*INSTRUCTIONS FOR THE TASK*.
Transcribe exactly, and only, the lines from the one containing "60' Pullman-Standard Flatcar" through the end of the entries below, leaving the pictures out.

*SUPPLIED DATA*.
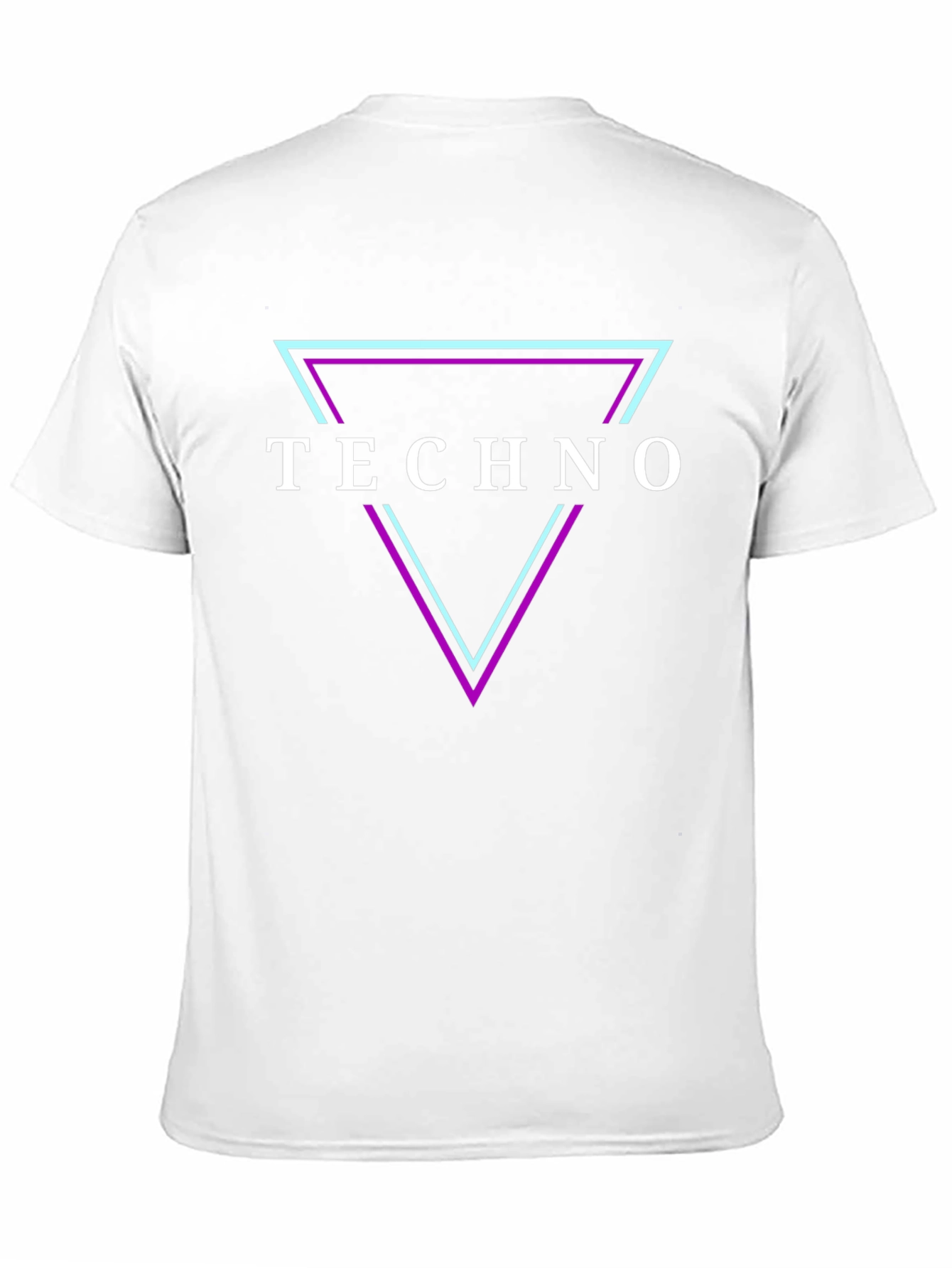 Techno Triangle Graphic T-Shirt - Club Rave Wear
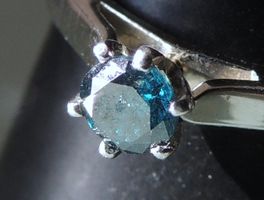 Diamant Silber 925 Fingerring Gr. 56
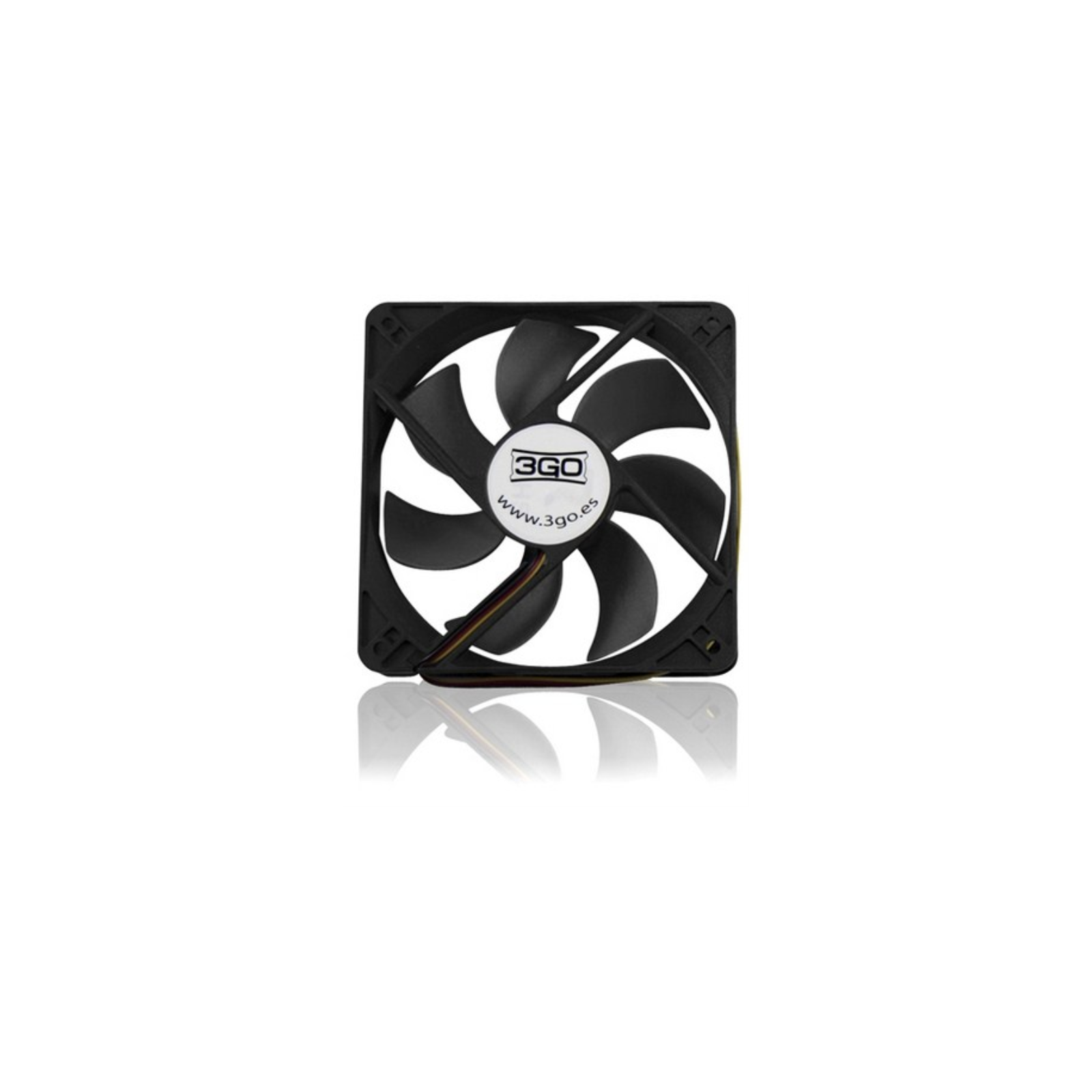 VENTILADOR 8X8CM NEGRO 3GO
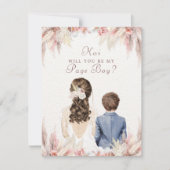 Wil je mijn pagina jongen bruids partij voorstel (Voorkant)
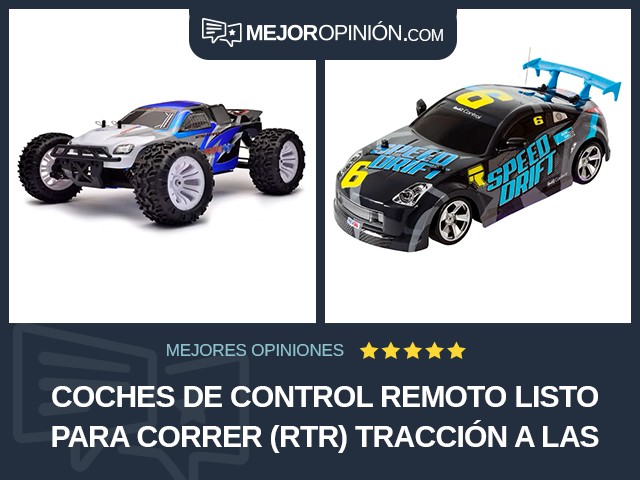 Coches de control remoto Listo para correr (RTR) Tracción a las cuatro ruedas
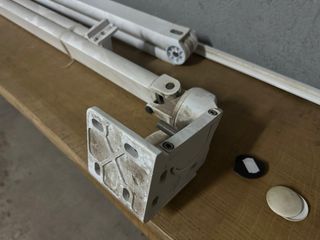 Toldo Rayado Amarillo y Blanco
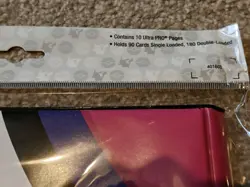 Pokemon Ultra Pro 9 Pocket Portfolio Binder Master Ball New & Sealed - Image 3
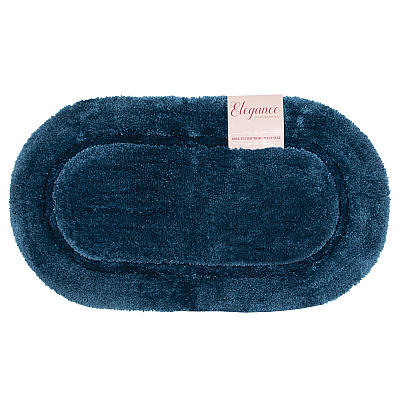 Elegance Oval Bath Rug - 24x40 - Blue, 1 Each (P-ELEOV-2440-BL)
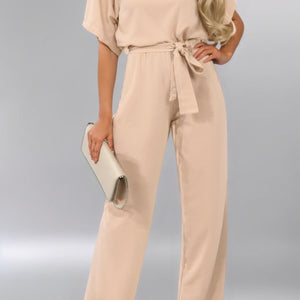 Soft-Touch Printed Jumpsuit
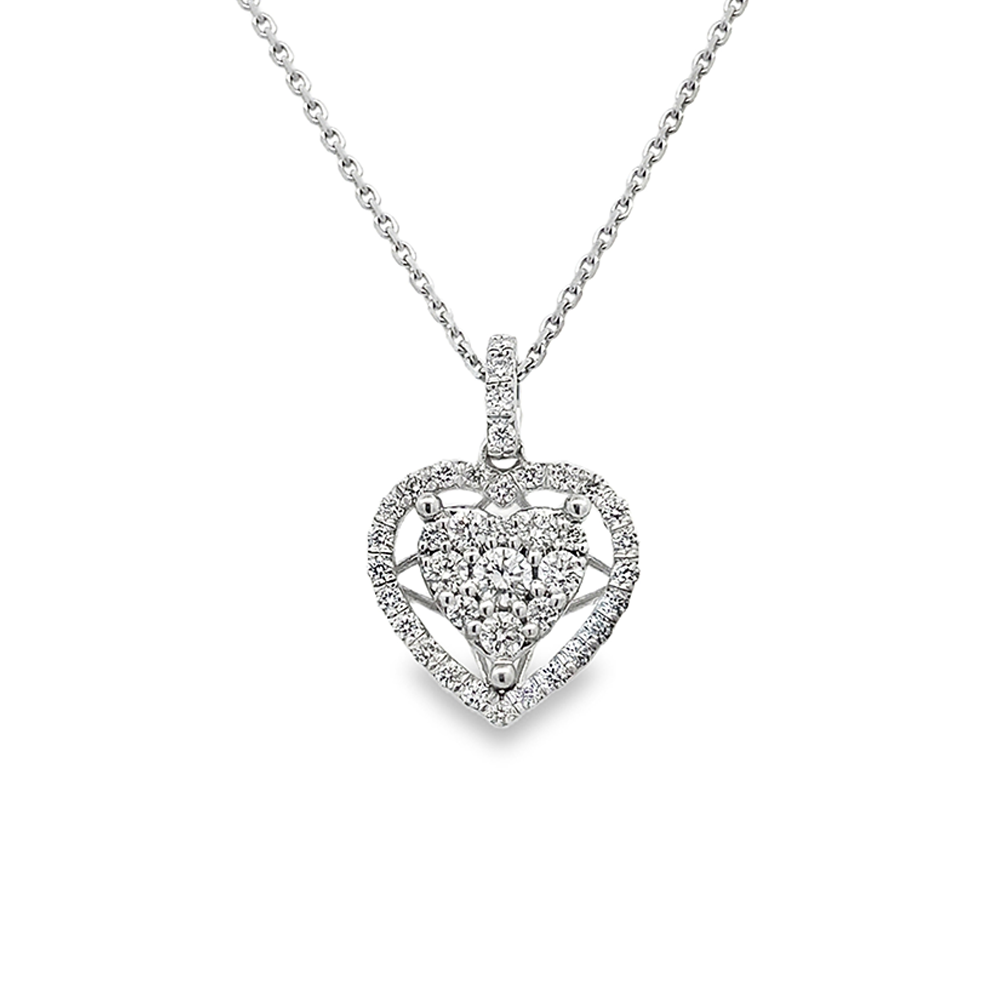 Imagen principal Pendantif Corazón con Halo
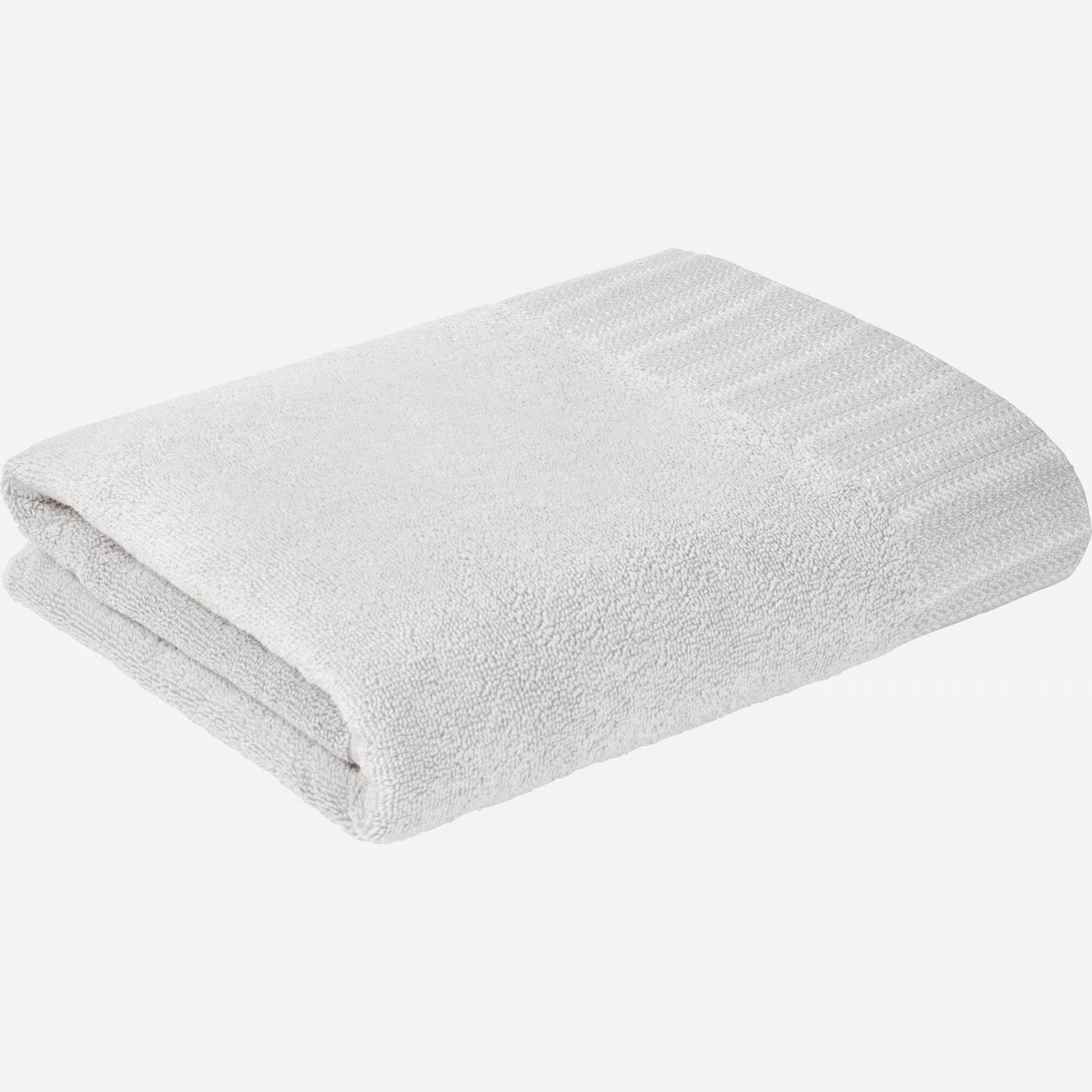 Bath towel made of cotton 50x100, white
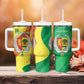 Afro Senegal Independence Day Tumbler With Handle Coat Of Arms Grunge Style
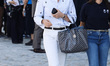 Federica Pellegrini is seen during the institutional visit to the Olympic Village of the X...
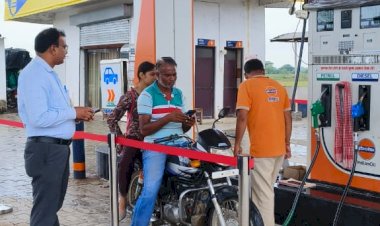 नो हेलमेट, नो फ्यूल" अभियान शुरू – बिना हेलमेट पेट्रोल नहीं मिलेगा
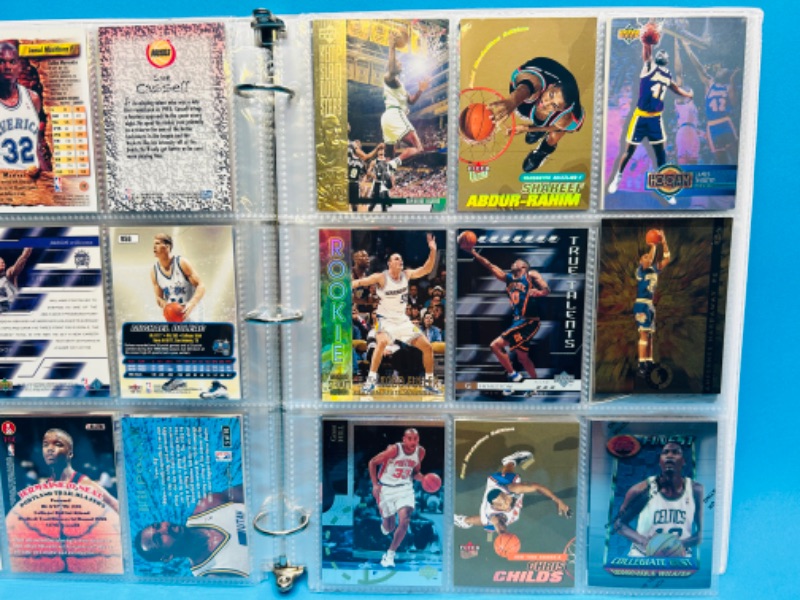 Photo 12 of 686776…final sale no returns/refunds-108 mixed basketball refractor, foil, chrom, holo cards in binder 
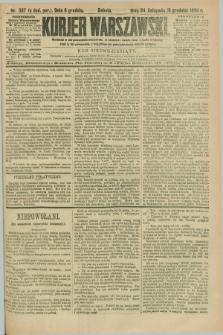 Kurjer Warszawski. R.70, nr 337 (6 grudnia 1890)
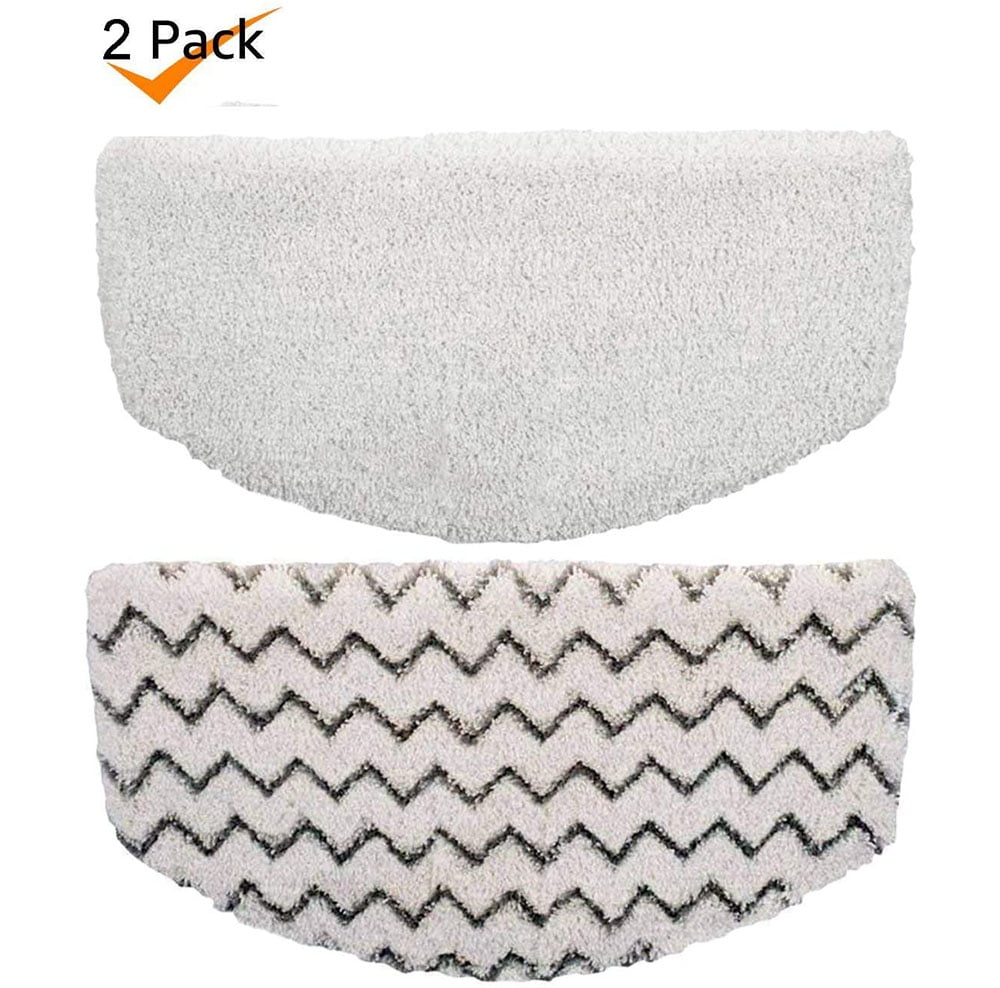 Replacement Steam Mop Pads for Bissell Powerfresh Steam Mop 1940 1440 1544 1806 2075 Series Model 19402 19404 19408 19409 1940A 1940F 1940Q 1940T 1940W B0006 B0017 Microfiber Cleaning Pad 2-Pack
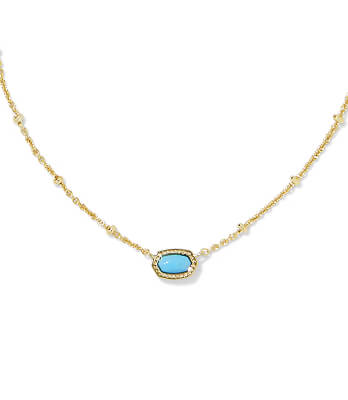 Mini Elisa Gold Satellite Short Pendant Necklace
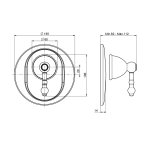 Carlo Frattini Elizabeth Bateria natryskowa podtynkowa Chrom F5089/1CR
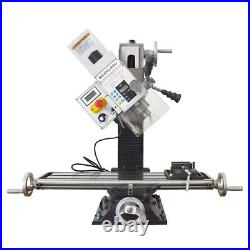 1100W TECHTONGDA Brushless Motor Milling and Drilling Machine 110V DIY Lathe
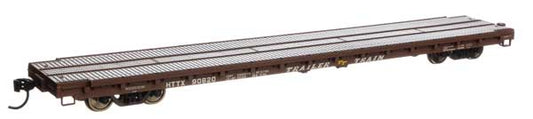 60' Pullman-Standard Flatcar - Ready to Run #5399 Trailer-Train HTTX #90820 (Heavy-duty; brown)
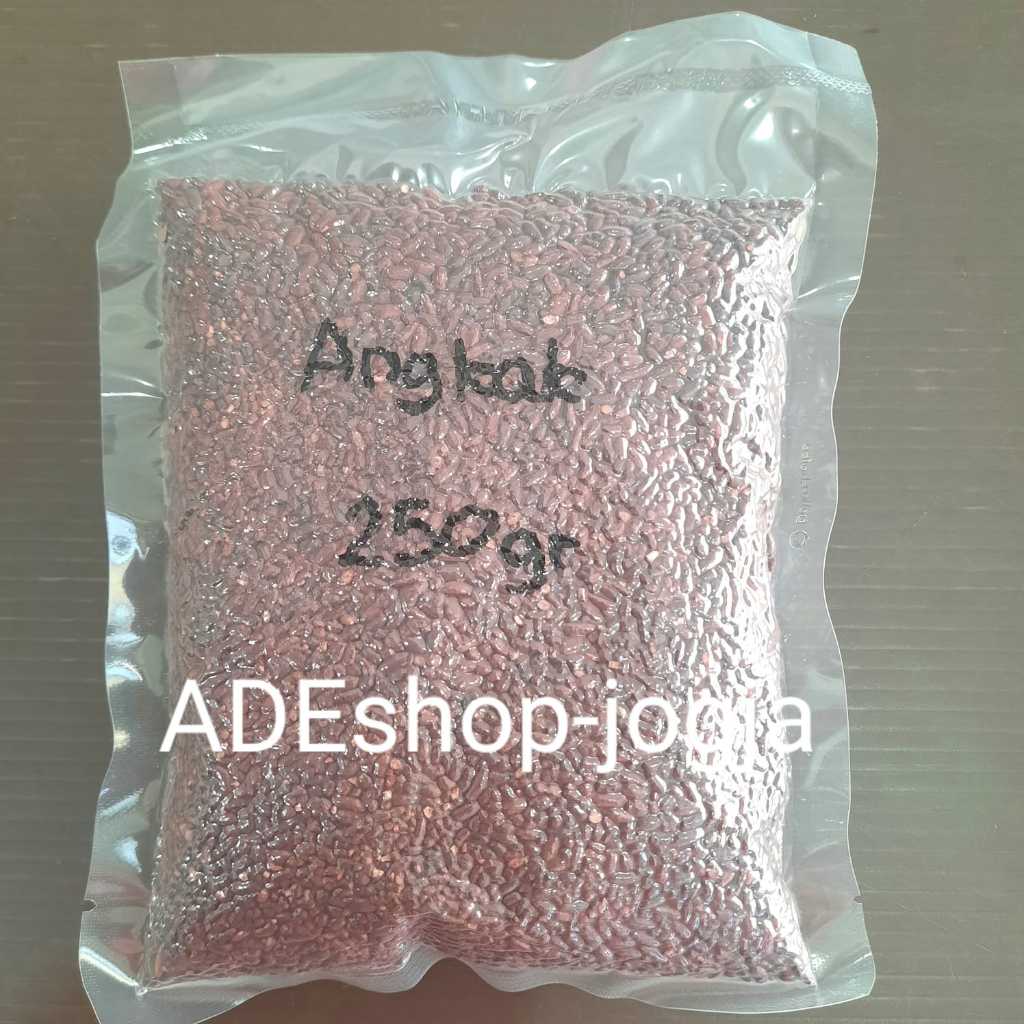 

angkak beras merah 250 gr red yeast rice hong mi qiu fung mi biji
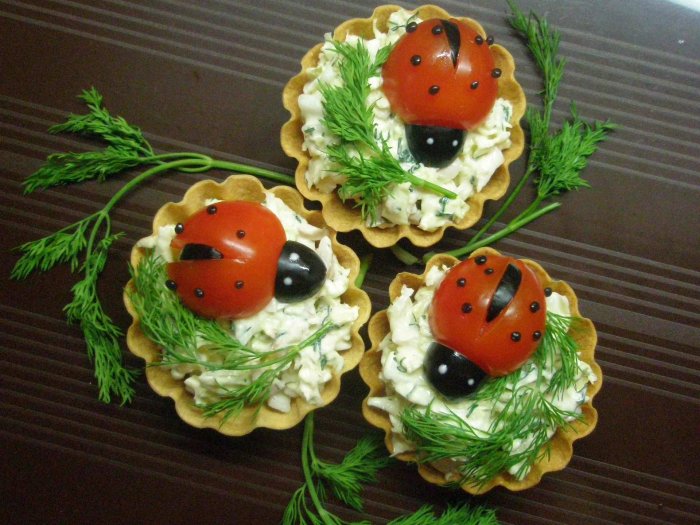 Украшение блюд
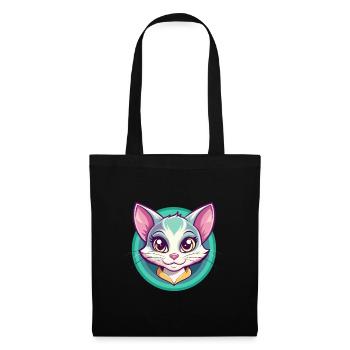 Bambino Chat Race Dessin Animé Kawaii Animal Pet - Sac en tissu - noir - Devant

*TASK OUTPUT*.
 60' Pullman-Standard Flatcar - Ready to Run #5399 Trailer-Train HTTX #90820 (Heavy-duty; brown)

angkak beras merah 250 gr red yeast rice hong mi qiu fung mi biji
 Украшение блюд
 Bambino Chat Race Dessin Animé Kawaii Animal Pet - Sac en tissu - noir - Devant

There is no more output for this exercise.